Déplorant cette "tentation de la polarisation", il a expliqué que le Concile avait pourtant rappelé à l’Église qu’à "l’image de la Trinité", elle est "communion". "Laissons de côté les mots en -isme !", s’est-il exclamé, affirmant que ces concepts éloignaient ceux qui les utilisent du "Saint Peuple de Dieu".

Le danger de l’autoréférentialité

Le Concile est "actuel", a poursuivi le pape François, en ce qu’il aide "à rejeter la tentation de nous enfermer dans les enclos de notre confort et de nos convictions". Cette "tentation de l’autoréférentialité" trouve une réponse dans "le désir de l’unité", a affirmé le chef de l’Église catholique. Il a salué la présence dans l’assemblée, "comme pendant le Concile", de représentants d’autres communautés chrétiennes – notamment des protestants et des orthodoxes.
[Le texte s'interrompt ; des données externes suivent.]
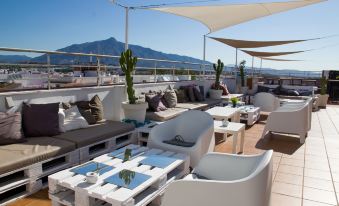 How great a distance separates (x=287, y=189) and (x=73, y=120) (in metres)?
2.88

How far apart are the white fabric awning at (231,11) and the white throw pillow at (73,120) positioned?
10.1ft

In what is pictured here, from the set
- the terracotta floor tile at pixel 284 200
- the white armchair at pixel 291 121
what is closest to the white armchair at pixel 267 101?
the white armchair at pixel 291 121

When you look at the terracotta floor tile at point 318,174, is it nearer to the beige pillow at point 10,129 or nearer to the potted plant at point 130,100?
the potted plant at point 130,100

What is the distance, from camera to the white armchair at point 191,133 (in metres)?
2.93

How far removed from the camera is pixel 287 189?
9.65ft

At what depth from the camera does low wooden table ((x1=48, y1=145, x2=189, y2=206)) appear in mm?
1853

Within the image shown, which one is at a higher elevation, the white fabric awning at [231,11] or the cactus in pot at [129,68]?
the white fabric awning at [231,11]

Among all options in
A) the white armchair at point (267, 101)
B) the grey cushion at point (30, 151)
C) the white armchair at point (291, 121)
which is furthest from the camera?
the white armchair at point (267, 101)

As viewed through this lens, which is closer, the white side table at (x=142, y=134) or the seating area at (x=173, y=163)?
the seating area at (x=173, y=163)

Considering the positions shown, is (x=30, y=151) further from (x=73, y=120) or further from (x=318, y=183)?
(x=318, y=183)

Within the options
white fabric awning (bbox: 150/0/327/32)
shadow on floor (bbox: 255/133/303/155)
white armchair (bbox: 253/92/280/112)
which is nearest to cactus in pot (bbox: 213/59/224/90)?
white armchair (bbox: 253/92/280/112)

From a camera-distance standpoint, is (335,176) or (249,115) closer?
(335,176)

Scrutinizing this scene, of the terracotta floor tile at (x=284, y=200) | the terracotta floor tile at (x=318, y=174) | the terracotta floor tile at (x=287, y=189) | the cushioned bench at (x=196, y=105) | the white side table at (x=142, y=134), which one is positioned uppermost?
the cushioned bench at (x=196, y=105)

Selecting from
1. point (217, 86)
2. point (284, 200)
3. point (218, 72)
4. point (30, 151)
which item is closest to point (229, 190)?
point (284, 200) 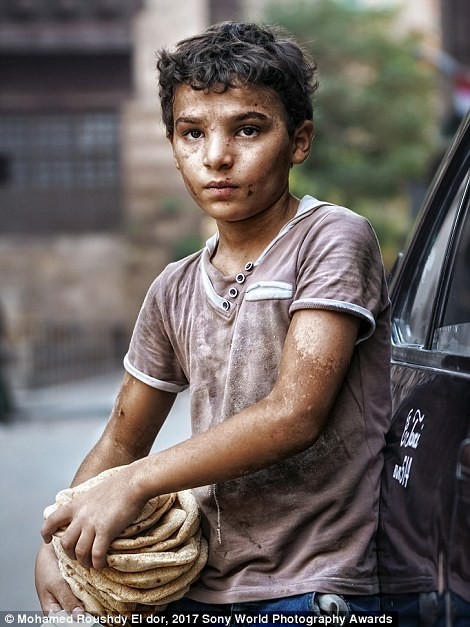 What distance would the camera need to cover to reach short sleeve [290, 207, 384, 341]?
2008 millimetres

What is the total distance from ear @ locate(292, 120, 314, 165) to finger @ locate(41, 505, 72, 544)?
808mm

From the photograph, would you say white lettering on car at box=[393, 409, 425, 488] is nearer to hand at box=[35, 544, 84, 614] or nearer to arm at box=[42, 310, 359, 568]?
arm at box=[42, 310, 359, 568]

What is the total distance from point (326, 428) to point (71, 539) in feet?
1.63

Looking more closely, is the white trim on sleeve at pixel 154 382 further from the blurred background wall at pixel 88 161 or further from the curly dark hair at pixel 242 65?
the blurred background wall at pixel 88 161

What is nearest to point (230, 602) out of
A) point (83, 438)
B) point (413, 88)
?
point (83, 438)

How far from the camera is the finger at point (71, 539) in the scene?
1991mm

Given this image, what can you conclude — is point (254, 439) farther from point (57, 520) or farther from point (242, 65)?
point (242, 65)

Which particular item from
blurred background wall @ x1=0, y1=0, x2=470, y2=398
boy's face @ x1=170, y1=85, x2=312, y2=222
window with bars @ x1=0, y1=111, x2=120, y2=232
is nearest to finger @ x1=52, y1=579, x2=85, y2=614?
boy's face @ x1=170, y1=85, x2=312, y2=222

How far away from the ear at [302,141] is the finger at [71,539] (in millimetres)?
829

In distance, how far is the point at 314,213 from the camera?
2199 mm

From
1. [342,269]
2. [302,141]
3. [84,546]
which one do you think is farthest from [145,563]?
[302,141]

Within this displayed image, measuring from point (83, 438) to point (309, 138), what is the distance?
36.3 ft

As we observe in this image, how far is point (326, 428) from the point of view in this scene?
6.83ft

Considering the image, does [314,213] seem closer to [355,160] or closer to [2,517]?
[2,517] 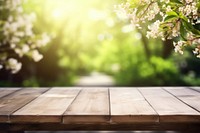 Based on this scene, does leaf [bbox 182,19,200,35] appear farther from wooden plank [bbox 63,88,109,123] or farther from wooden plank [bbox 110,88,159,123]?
wooden plank [bbox 63,88,109,123]

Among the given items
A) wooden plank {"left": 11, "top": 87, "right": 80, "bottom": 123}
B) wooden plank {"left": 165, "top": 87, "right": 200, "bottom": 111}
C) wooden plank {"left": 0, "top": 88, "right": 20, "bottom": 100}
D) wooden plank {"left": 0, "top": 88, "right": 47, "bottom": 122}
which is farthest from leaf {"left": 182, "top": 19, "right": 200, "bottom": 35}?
wooden plank {"left": 0, "top": 88, "right": 20, "bottom": 100}

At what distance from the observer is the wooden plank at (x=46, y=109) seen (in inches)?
103

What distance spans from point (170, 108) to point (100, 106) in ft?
1.68

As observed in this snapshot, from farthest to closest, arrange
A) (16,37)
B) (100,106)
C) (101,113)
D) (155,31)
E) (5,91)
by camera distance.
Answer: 1. (16,37)
2. (5,91)
3. (155,31)
4. (100,106)
5. (101,113)

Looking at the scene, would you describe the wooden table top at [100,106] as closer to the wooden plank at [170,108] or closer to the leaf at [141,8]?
the wooden plank at [170,108]

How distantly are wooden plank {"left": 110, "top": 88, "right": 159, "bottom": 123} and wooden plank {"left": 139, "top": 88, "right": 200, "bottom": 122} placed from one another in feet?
0.18

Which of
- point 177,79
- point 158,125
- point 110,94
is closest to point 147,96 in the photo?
point 110,94

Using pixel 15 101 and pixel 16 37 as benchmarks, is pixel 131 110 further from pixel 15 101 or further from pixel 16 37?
pixel 16 37

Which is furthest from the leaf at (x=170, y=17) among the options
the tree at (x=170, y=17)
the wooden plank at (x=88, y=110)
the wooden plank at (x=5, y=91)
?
the wooden plank at (x=5, y=91)

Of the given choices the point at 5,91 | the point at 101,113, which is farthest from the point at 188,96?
the point at 5,91

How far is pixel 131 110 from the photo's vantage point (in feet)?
8.99

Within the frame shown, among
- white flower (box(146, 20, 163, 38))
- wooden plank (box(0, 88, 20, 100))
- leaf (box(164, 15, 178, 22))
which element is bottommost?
wooden plank (box(0, 88, 20, 100))

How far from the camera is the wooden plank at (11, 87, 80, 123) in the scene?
8.60 ft

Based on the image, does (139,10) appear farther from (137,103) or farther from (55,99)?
(55,99) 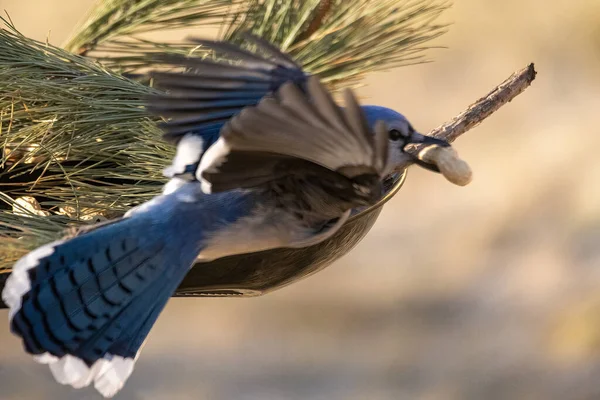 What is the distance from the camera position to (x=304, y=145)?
1.68 feet

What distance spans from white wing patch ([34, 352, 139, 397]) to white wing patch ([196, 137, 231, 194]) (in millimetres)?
121

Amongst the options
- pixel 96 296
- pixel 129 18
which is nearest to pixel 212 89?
pixel 96 296

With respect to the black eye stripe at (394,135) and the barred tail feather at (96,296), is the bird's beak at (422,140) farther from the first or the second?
the barred tail feather at (96,296)

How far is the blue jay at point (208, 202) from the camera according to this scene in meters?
0.50

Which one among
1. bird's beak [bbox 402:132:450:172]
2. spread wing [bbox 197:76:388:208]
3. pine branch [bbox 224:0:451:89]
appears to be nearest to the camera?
spread wing [bbox 197:76:388:208]

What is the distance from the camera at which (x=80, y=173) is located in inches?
27.1

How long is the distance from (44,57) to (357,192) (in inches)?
12.5

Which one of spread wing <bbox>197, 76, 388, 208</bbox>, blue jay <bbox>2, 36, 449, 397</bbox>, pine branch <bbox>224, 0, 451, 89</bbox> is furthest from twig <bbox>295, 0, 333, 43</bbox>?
spread wing <bbox>197, 76, 388, 208</bbox>

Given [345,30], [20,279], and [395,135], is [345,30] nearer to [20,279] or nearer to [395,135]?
[395,135]

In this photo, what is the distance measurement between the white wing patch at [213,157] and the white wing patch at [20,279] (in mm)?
94

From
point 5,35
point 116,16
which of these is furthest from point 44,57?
point 116,16

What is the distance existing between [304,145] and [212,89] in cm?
15

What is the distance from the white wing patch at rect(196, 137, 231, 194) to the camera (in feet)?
1.72

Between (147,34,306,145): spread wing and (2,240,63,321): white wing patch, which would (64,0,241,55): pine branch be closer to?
(147,34,306,145): spread wing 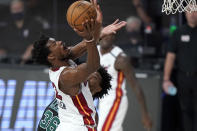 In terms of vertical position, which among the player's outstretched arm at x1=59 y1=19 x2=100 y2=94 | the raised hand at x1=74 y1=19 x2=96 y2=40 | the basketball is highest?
the basketball

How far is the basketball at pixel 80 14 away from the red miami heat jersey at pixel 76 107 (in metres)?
0.60

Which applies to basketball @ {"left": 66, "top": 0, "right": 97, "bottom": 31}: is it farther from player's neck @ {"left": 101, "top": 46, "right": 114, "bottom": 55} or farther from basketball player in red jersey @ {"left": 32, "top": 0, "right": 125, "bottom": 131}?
player's neck @ {"left": 101, "top": 46, "right": 114, "bottom": 55}

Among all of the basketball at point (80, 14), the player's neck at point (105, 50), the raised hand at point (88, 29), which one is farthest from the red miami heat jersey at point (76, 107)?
the player's neck at point (105, 50)

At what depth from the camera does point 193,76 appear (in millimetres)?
8328

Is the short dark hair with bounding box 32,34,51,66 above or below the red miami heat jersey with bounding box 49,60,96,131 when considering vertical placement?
above

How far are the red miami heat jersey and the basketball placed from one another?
596 mm

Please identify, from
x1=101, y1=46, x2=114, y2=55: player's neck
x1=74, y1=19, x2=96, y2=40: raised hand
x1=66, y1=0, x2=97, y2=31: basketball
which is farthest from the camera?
x1=101, y1=46, x2=114, y2=55: player's neck

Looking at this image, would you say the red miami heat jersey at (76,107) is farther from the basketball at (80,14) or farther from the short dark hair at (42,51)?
Result: the basketball at (80,14)

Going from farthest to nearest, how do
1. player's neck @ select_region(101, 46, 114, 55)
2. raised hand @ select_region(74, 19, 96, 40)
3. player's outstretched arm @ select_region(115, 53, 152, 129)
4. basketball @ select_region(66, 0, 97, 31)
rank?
1. player's neck @ select_region(101, 46, 114, 55)
2. player's outstretched arm @ select_region(115, 53, 152, 129)
3. basketball @ select_region(66, 0, 97, 31)
4. raised hand @ select_region(74, 19, 96, 40)

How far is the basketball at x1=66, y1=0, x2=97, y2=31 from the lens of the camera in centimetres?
503

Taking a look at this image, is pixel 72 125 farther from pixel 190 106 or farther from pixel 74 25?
pixel 190 106

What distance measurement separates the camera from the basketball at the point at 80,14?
503cm

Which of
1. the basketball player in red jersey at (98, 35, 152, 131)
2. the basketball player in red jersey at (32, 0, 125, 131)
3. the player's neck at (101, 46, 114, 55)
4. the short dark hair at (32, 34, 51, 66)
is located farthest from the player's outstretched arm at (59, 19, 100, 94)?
the player's neck at (101, 46, 114, 55)

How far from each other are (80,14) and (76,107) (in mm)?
1065
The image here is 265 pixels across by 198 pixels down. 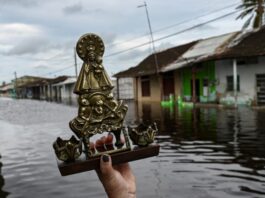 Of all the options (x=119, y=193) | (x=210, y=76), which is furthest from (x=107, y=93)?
(x=210, y=76)

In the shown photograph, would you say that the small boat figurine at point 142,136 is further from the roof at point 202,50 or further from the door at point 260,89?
the roof at point 202,50

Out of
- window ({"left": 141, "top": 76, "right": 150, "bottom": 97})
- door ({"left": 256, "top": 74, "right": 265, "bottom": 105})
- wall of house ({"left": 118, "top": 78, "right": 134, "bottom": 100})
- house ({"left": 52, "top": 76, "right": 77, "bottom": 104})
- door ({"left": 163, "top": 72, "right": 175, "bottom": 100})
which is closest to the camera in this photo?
door ({"left": 256, "top": 74, "right": 265, "bottom": 105})

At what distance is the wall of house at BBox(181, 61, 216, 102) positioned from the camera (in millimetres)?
28966

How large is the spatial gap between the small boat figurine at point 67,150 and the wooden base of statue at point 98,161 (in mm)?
45

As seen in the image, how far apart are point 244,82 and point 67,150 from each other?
25.0 metres

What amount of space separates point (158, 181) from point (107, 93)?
4.01m

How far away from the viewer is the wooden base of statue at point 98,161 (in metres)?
2.71

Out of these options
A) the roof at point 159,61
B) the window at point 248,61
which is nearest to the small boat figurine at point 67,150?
the window at point 248,61

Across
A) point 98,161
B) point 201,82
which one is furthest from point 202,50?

"L’Église n’a pas célébré le Concile pour s’admirer mais pour se donner", a insisté l’évêque de Rome, expliquant qu’elle ne devait en conséquence pas "se démarquer du monde, mais servir le monde". Il a une nouvelle fois déploré la tentation du "cléricalisme" qui "tue les brebis". "C’est un péché grave", a-t-il martelé.

En raison des problèmes de mobilité du pape François, c’est le cardinal Pietro Parolin, secrétaire d’État du Saint-Siège, qui a présidé la messe à la place du pontife.

À la fin de la célébration, le pape a symboliquement allumé les cierges de dix fidèles laïcs, hommes et femmes, jeunes et personnes âgées. Il les a enjoints à transmettre la lumière de Vatican II à l’assemblée mais aussi "aux hommes et aux femmes de notre temps". Après la bénédiction finale, le pontife est allé vénérer la dépouille de saint Jean XXIII.